Proving result about additivity of Lebesgue outer measure The statement I’m trying to prove is that if $\{I_k \}_{k=1} ^{\infty } $ The statement I’m trying to prove is that if $\{I_k \}_{k=1} ^{\infty } $ is a sequence of disjoint intervals in $\mathbb{R}$  and $E_k \subset I_k $ for each $k $ then $$ \mu ^* (\bigcup_{k=1}^{\infty } E_k )= \sum_{k=1}^{\infty } \mu ^* (E_k).$$
I think I need to use the fact that if $(J_k)_k $ is a sequence of disjoint intervals then $\mu^ * (\cup_k J_k )=\sum_k \ell (J_k)$ where $\ell(J_k) $ is the length of the interval $J_k$.

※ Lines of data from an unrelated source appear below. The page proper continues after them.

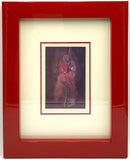 Barbara McLain Watercolor of Woman Dancer in Red Lacquer Frame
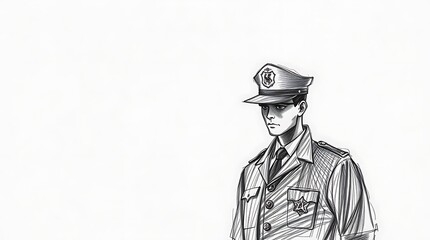 Pen and Ink Drawing of a Police Officer in Uniform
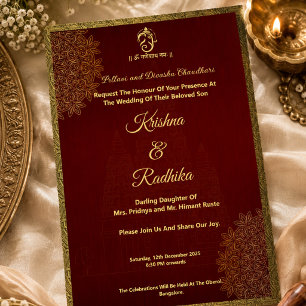 Indian wedding elegant Ganesha  Announcement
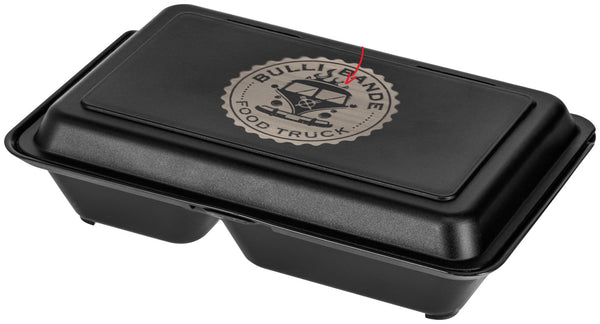 lunch box do wielokrotnego użytku Yari średnia; 800ml, 15.7x24.6x6.1 cm (DxSxW); czarny; prostokątny; 25 sztuka / opakowanie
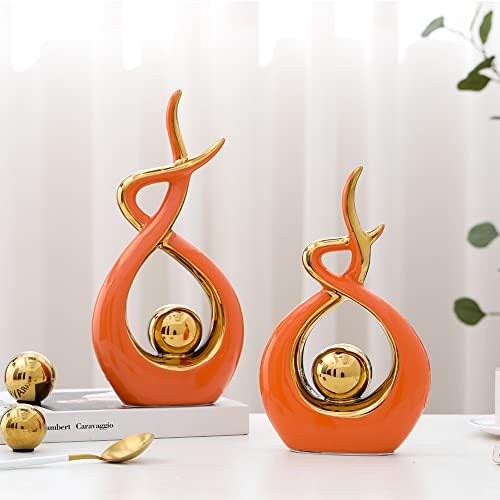 Golden Ball Ceramic Decor Set of 3 Modern Art Sculpture
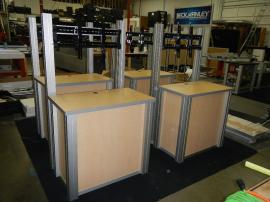 RENTAL: (4) RE-1232 Rectangular Counter Kiosks. Includes Locking Doors, Interior Shelves, and Large Monitor Mounts -- Image 1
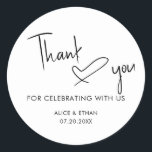 Script Signature Heart Wedding Thank You Classic Round Sticker<br><div class="desc">Script signature style and a heart.</div>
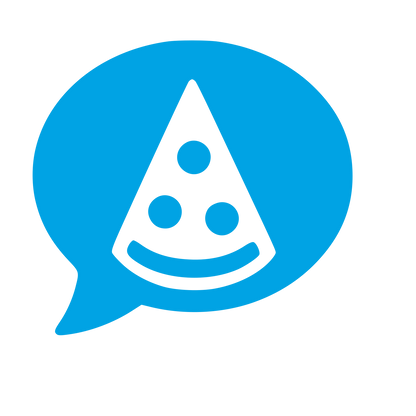 Pizza Slice Chat Bubble Logo #00a3e4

One of the inequalities is trivial by countable subadditivity of $\mu^* $ but I’m struggling with the reverse inequality.

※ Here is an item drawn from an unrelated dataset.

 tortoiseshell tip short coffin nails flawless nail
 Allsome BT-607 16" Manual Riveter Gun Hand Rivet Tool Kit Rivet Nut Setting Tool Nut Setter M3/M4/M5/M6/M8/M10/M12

 A: What you search for can be presented as a corollary of a theorem. Below this theorem is stated and proved. This by means of a lemma that is stated and proved first.

Lemma:
If $\varphi$ is an outer measure on
set $\Omega$ and $I_{1},\dots,I_{n}$ are disjoint $\varphi$-measurable
subsets of $\Omega$ then: $$\varphi\left(E\cap\left(\bigcup_{k=1}^{n}I_{k}\right)\right)=\sum_{k=1}^{n}\varphi\left(E\cap I_{k}\right)\text{ for each }E\subseteq\Omega$$
Proof of lemma:
For this we use induction on $n$. Let $I:=\bigcup_{k=1}^{n-1}I_{k}$.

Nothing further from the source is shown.